Il était prêtre italien, grand pontife, superstitieux et despotique, lié par la tradition, soumis aux influences de race et de milieu, cédant au besoin d’argent, aux nécessités politiques ; sans parler de son orgueil immense, la certitude d’être le Dieu auquel on doit obéir, le seul pouvoir légitime et raisonnable sur la terre.
Non ! le catholicisme ne pouvait se renouveler, non ! il ne pouvait revenir à l’esprit du christianisme primitif, non ! il ne pouvait être la religion de la démocratie, la foi nouvelle qui sauverait les vieilles sociétés croulantes, en danger de mort.

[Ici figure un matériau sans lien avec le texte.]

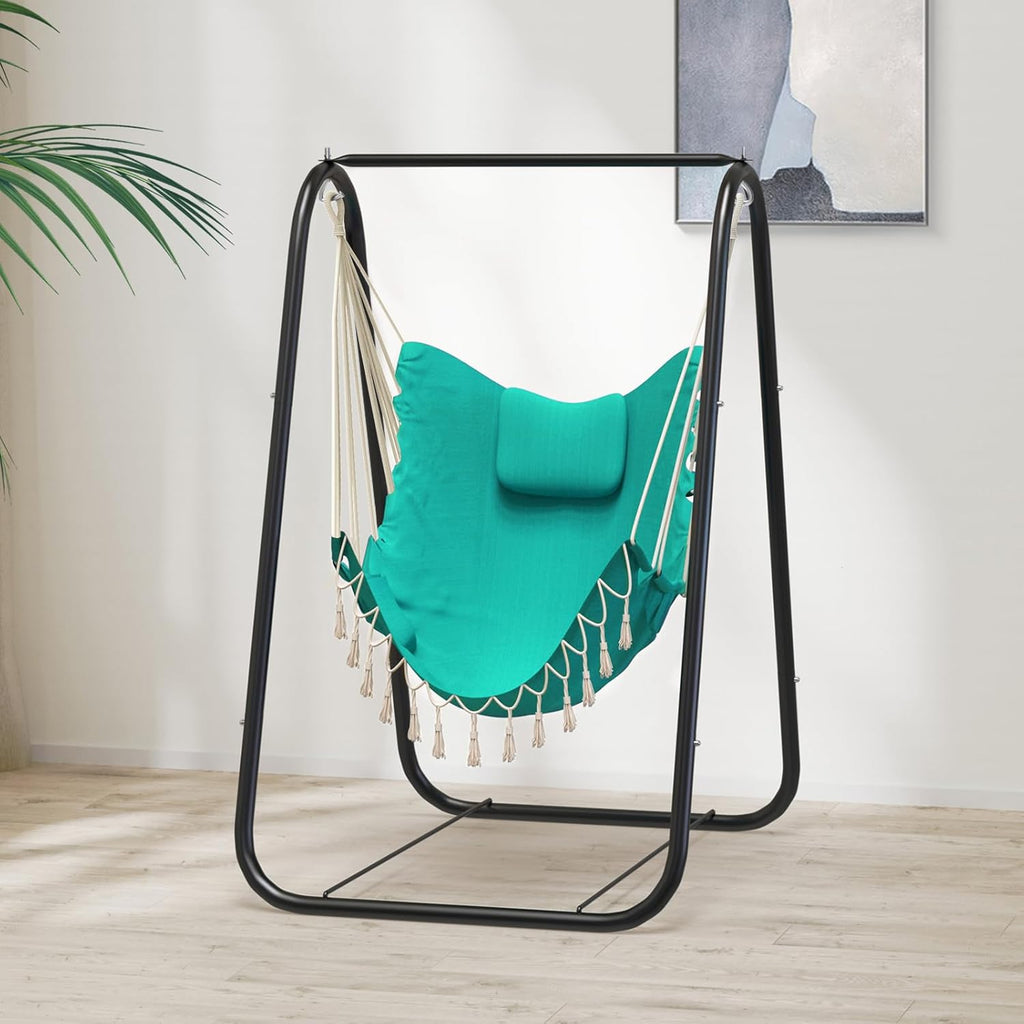 G TALECO GEAR Hammock Chair with Stand,Heavy-Duty and Rustproof Hanging Chair with Stand,Hammock Swing Chair Stand,for Indoor Outdoor Patio Yard Garden Porch (Aqua)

Lire Zola permet de comprendre comment à la fin du XIXe siècle l’anticléricalisme a pu être aussi virulent. On constate d’ailleurs qu’en ce début de XXIe siècle, l’opinion reste marquée par sa pensée. Il est assez mordant d’apprendre par la préface que le chef du naturalisme n’a rencontré aucun ecclésiastique lors de son voyage préparatoire à Rome. Il a alors dessiné une fresque pleine de préjugés (le portrait des dominicains et des jésuites est à lire !) sur l’Eglise poussant jusqu’à présenter Léon XIII sous les traits qui arrangeait sa thèse, cette dernière se résumant au remplacement du catholicisme par le socialisme et le scientisme. Enfin, cela m’a amusé de voir que Zola n’était pas moins déterministe, voire raciste, que la majorité de ses contemporains avec notamment cette citation à la fin : « le pullulement menaçant de la race jaune. » Bref, un mélange de Dan Brown (pour les élucubrations), de Michel Onfray (pour l’anti-catholicisme et la logorrhée) et de Laurent Alexandre (pour la religion de la science et l’élitisme annonçant l’eugénisme et le transhumanisme).